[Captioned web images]

• • •

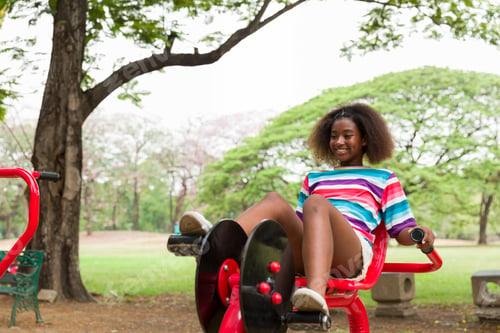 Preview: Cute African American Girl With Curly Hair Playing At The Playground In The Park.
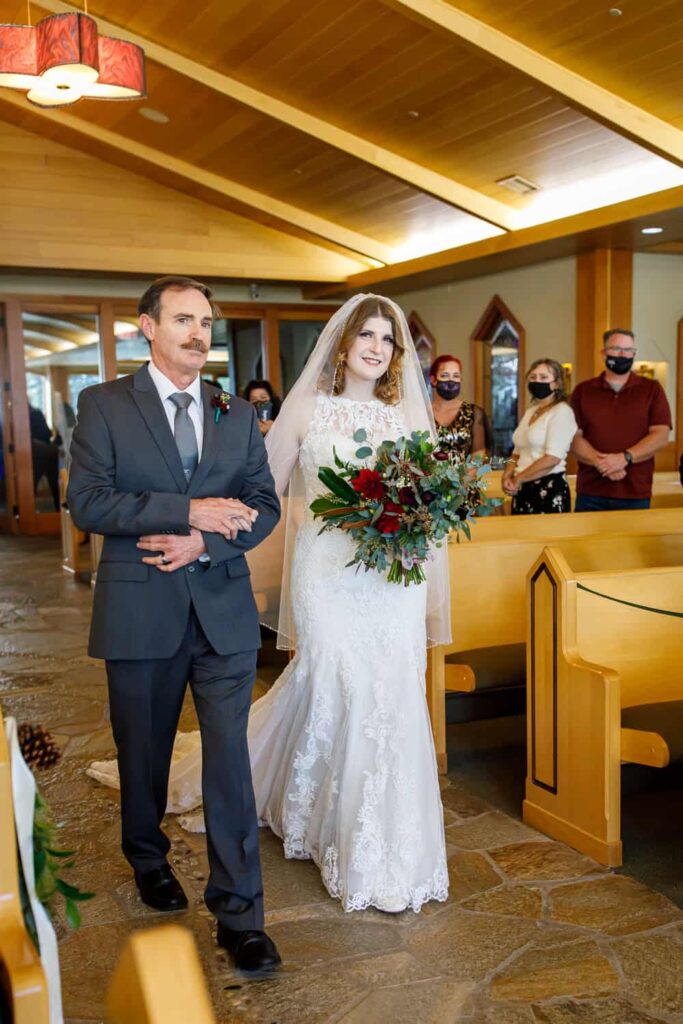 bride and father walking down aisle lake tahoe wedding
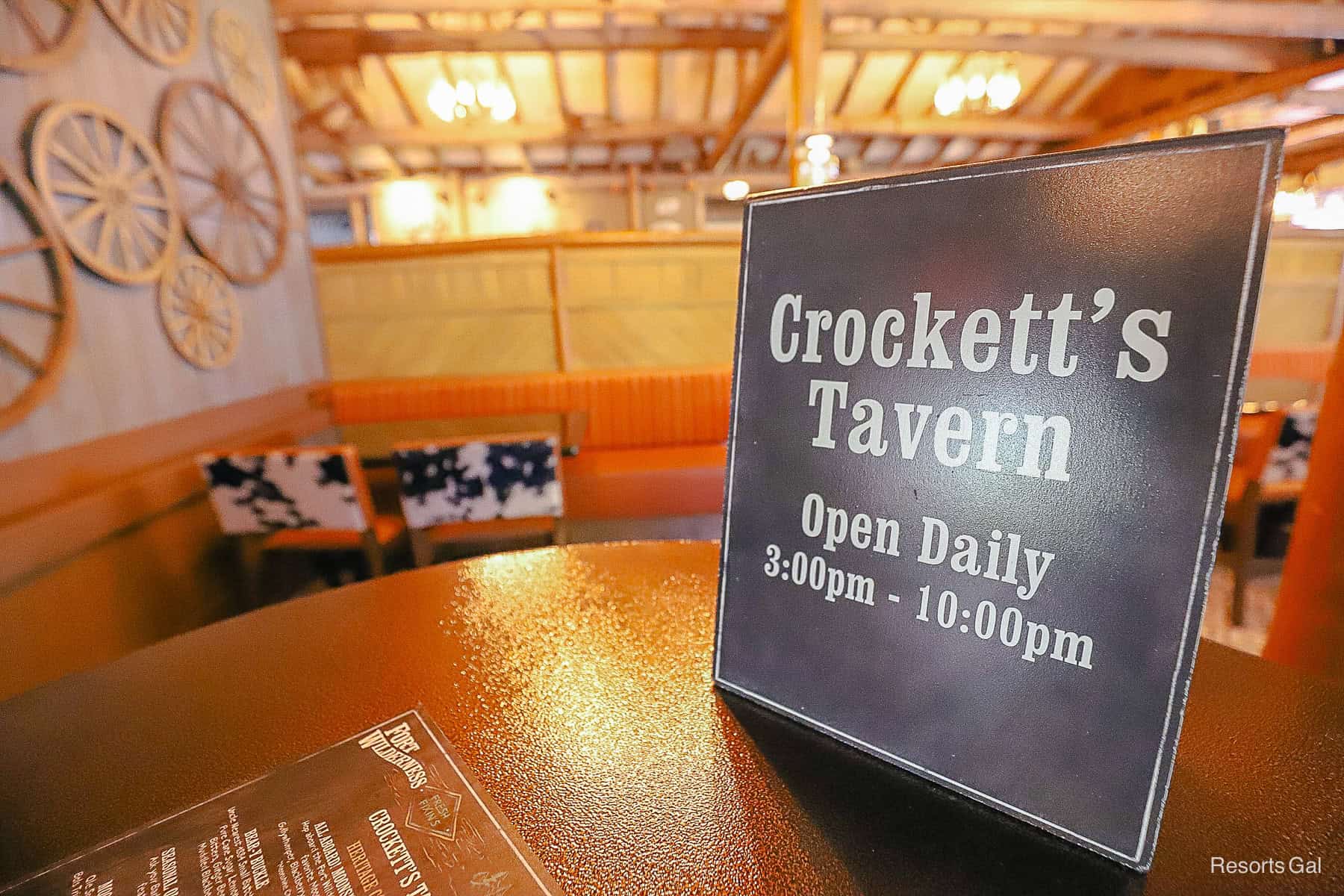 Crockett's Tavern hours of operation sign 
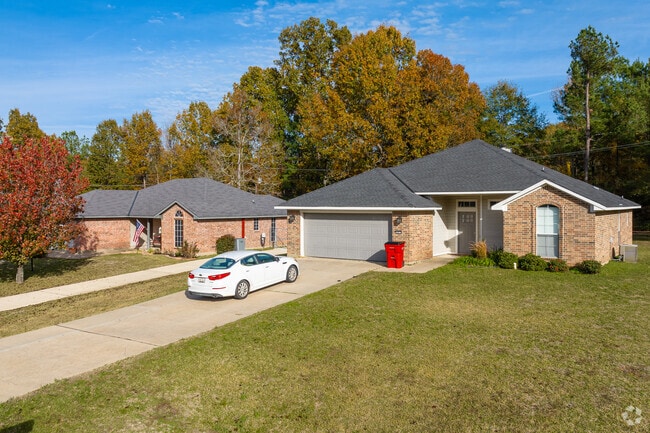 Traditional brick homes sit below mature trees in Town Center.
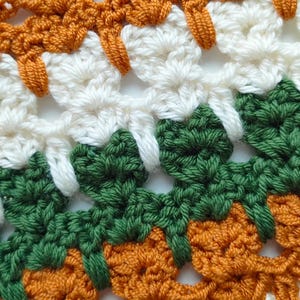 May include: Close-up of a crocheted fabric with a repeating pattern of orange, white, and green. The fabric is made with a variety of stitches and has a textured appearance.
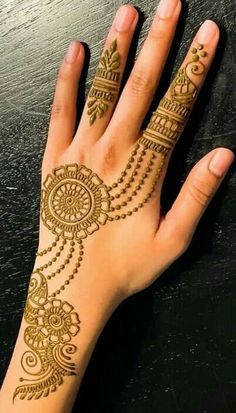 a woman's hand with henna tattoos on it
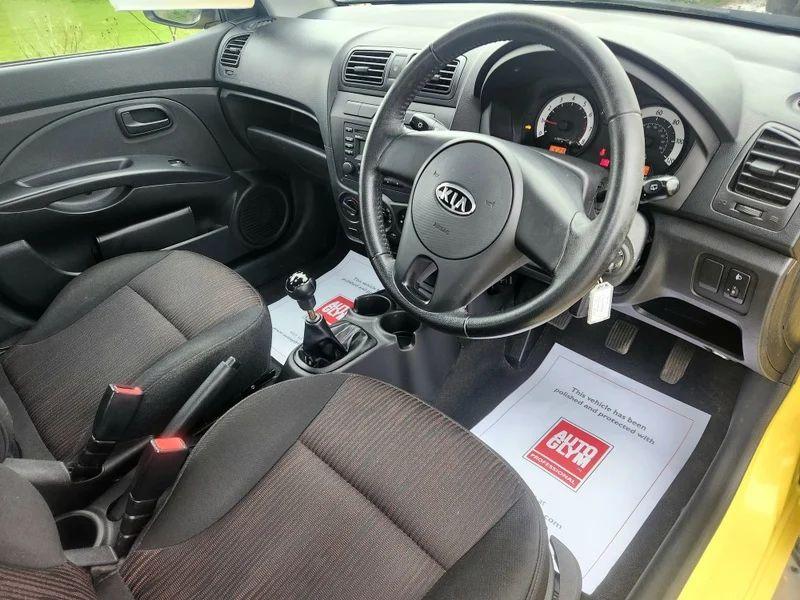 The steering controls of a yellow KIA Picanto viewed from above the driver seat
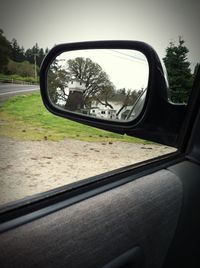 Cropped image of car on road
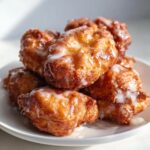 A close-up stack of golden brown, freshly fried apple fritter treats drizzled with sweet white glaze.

• • •

### Task requirements
Leaving pictures aside, give again word for word each line from the one with "a woman's hand with henna tattoos on it" to the final line of the entries.

### Result of this exercise
 a woman's hand with henna tattoos on it
 The steering controls of a yellow KIA Picanto viewed from above the driver seat
 Cropped image of car on road
 A close-up stack of golden brown, freshly fried apple fritter treats drizzled with sweet white glaze.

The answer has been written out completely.